▼▼▼
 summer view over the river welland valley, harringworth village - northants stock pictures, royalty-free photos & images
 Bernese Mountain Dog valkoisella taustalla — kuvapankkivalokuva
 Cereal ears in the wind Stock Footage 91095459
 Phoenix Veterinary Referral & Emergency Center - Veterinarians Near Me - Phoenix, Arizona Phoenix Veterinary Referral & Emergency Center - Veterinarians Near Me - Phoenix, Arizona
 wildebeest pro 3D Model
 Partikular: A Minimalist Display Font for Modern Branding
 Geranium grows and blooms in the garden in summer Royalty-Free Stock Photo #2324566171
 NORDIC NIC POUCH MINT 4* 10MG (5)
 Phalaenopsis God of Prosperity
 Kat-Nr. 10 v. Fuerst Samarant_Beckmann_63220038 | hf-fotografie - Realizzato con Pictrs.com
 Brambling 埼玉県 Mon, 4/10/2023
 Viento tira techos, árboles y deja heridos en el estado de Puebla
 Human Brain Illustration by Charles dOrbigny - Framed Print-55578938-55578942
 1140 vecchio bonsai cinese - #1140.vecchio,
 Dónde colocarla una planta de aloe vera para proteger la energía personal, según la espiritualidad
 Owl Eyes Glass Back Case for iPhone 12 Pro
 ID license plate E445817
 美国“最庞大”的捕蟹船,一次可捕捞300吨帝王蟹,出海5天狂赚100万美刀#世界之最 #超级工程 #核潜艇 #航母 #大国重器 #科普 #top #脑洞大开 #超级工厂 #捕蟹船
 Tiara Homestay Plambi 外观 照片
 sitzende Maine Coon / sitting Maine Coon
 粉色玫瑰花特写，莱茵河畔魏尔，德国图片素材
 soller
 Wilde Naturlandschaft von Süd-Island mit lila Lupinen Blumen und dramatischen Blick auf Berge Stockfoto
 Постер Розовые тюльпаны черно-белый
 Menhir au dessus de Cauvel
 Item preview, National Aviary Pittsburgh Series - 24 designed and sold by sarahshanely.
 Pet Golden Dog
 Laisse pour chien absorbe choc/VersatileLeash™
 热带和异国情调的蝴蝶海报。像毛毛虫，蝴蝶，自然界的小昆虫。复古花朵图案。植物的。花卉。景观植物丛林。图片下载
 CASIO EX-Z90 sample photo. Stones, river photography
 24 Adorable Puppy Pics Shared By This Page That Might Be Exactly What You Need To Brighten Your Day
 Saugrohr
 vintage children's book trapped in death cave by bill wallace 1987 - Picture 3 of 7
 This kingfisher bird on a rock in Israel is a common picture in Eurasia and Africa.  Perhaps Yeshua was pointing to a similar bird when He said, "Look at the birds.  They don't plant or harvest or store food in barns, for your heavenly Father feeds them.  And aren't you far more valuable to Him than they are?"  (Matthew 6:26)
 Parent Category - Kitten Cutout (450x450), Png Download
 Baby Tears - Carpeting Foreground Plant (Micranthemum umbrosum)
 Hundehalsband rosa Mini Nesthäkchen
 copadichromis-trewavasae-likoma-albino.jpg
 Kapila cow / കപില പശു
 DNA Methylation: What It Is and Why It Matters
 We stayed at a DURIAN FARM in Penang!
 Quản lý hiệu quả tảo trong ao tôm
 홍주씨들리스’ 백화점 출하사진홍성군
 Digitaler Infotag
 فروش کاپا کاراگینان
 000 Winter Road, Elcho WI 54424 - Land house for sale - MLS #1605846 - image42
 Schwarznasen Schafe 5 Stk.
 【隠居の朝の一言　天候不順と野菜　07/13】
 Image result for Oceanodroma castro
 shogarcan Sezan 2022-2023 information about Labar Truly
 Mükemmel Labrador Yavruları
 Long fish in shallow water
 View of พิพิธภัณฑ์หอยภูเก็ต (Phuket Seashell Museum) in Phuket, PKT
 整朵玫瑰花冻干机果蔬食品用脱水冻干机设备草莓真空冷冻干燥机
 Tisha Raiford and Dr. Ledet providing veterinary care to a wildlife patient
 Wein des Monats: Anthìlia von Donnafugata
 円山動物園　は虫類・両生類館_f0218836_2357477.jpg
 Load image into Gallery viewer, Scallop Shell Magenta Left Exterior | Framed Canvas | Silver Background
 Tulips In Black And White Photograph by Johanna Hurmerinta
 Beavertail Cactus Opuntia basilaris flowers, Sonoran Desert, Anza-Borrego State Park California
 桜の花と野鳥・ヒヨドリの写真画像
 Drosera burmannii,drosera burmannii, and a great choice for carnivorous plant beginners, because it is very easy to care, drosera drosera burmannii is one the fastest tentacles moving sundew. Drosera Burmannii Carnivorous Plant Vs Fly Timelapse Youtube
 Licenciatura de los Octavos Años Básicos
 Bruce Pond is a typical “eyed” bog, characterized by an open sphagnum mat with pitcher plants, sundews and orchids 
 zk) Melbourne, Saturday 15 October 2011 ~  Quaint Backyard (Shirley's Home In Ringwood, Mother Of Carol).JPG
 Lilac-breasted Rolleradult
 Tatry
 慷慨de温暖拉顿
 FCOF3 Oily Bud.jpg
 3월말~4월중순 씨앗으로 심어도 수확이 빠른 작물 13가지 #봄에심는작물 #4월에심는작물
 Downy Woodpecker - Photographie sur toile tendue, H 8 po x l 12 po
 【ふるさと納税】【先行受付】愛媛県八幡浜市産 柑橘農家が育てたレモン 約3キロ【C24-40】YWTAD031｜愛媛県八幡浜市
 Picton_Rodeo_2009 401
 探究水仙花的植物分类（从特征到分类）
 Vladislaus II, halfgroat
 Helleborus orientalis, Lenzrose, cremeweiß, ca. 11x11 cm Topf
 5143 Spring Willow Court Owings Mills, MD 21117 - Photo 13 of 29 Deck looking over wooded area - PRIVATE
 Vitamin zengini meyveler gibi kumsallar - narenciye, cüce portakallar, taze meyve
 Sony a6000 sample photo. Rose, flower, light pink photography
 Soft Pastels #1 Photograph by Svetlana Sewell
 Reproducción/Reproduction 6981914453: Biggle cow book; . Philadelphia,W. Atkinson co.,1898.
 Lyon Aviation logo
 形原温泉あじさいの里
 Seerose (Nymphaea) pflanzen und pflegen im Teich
▲▲▲
== ACTION ITEM ==
Repeat exactly the lines above from the line that contains "Downy Woodpecker - Photographie" through the end. Include both of these ends; leave out everything else.

== WRITTEN SOLUTION ==
 Downy Woodpecker - Photographie sur toile tendue, H 8 po x l 12 po
 【ふるさと納税】【先行受付】愛媛県八幡浜市産 柑橘農家が育てたレモン 約3キロ【C24-40】YWTAD031｜愛媛県八幡浜市
 Picton_Rodeo_2009 401
 探究水仙花的植物分类（从特征到分类）
 Vladislaus II, halfgroat
 Helleborus orientalis, Lenzrose, cremeweiß, ca. 11x11 cm Topf
 5143 Spring Willow Court Owings Mills, MD 21117 - Photo 13 of 29 Deck looking over wooded area - PRIVATE
 Vitamin zengini meyveler gibi kumsallar - narenciye, cüce portakallar, taze meyve
 Sony a6000 sample photo. Rose, flower, light pink photography
 Soft Pastels #1 Photograph by Svetlana Sewell
 Reproducción/Reproduction 6981914453: Biggle cow book; . Philadelphia,W. Atkinson co.,1898.
 Lyon Aviation logo
 形原温泉あじさいの里
 Seerose (Nymphaea) pflanzen und pflegen im Teich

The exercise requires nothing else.